0
votes

What is the efficient way to export the data from hive/impala table with conditions into file(the data would be huge, close to 10 GB)? The format of the hive table is paraquet with snappy compressed and file is csv.

The table is partitioned daily and data needs to be extracted on daily basis, I would like to know if

1) Imapala approach

impala-shell -k -i servername:portname -B -q 'select * from table where year_month_date=$$$$$$$$' -o filename '--output_delimiter=\001'

2) Hive approach

Insert overwrite directory '/path' select * from table where year_month_date=$$$$$$$$

would be efficient

2
Add details: 1. file format of hive table 2. File format of the exported file - Dev

2 Answers

1
votes

Please try to use Dynamic Partitioning for your Hive/Impala table to efficiently export the data conditionally.

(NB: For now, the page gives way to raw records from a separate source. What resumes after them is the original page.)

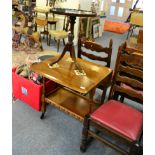 Mid-20th century oak tea trolley and a small oval occasional table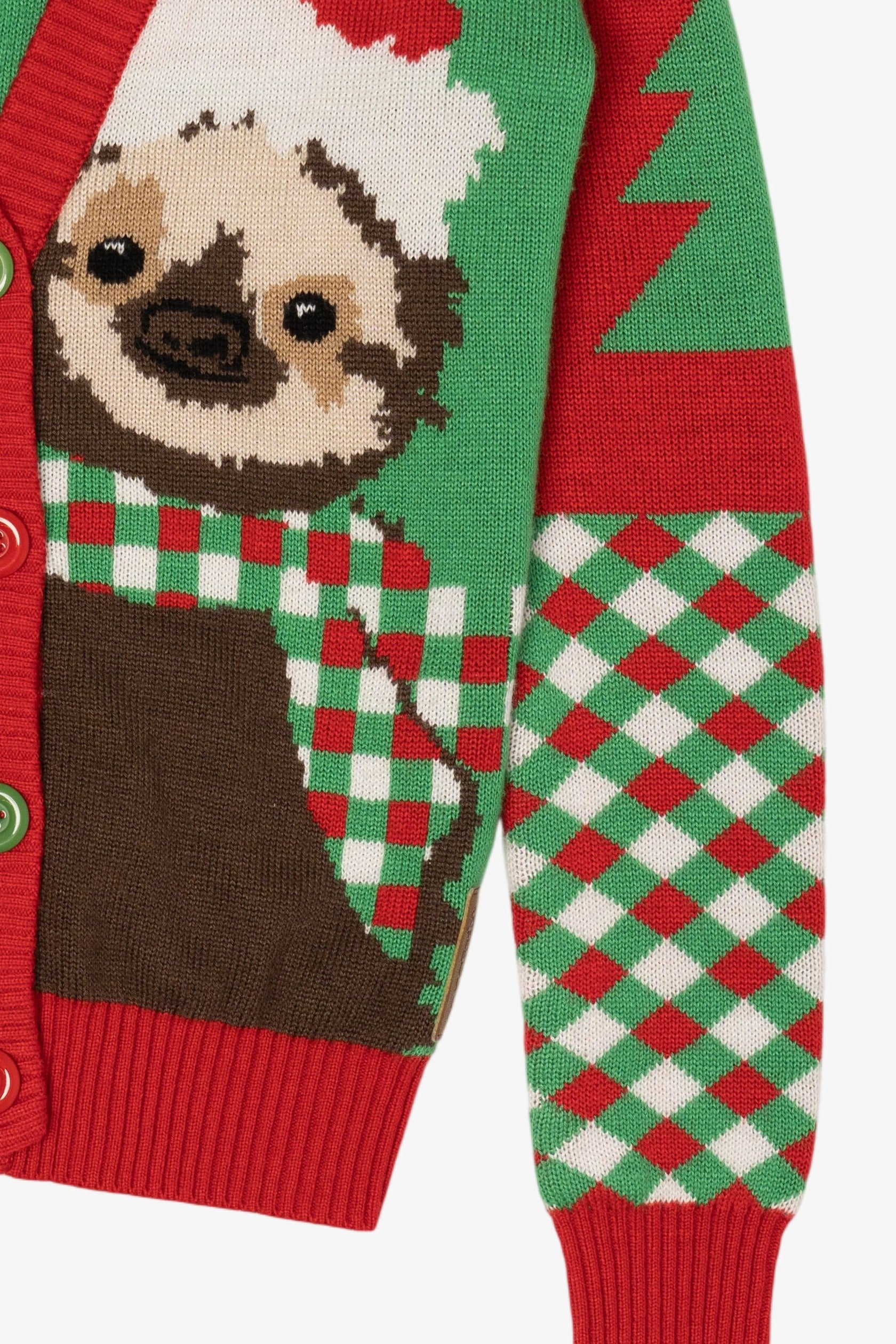 Green Santa Sloth Ugly Christmas Cardigan (2010s)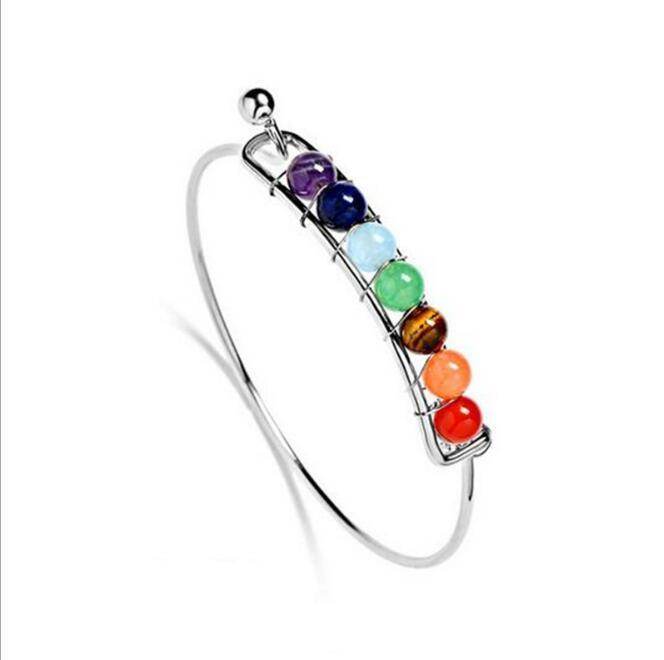 Boho charm silver bracelets natural stones beads bracelet 7 chakra healing balance bracelets bracelets jewelry gifts for women - Mubimart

Partition your table with the columns of your interest and based on your queries for best results

Step 1: Create a Temporary Hive Table TmpTable and load your raw data into it

Step 2: Set hive parameters to support Dynamic partition

SET hive.exec.dynamic.partition.mode=non-strict;
SET hive.exec.dynamic.partition=true;

Step 3: Create your Main Hive Table with partition columns, example :

CREATE TABLE employee (
 emp_id int,
 emp_name string
PARTITIONED BY (location string)
STORED AS PARQUET;

Step 4: Load data from Temporary table to your employee table (Main Table)

insert overwrite table employee  partition(location)  
select emp_id,emp_name, location from TmpTable;

Step 5: export the data from hive with a condition

INSERT OVERWRITE DIRECTORY '/path/to/output/dir' SELECT * FROM employee  WHERE location='CALIFORNIA';

Please refer this link:

Dynamic Partition Concept

Hope this is useful.

3
votes

Assuming table tbl as your hive parquet table and condition as your filter condition.

CTAS command:

 CREATE TABLE tbl_text ROW FORMAT DELIMITED FIELDS TERMINATED BY ',' LOCATION '/tmp/data' AS select * from tbl where condition;

You will find your CSV text file (delimited by ',') at /tmp/data in HDFS.

You can get this file to your local file system if needed using:

hadoop fs -get /tmp/data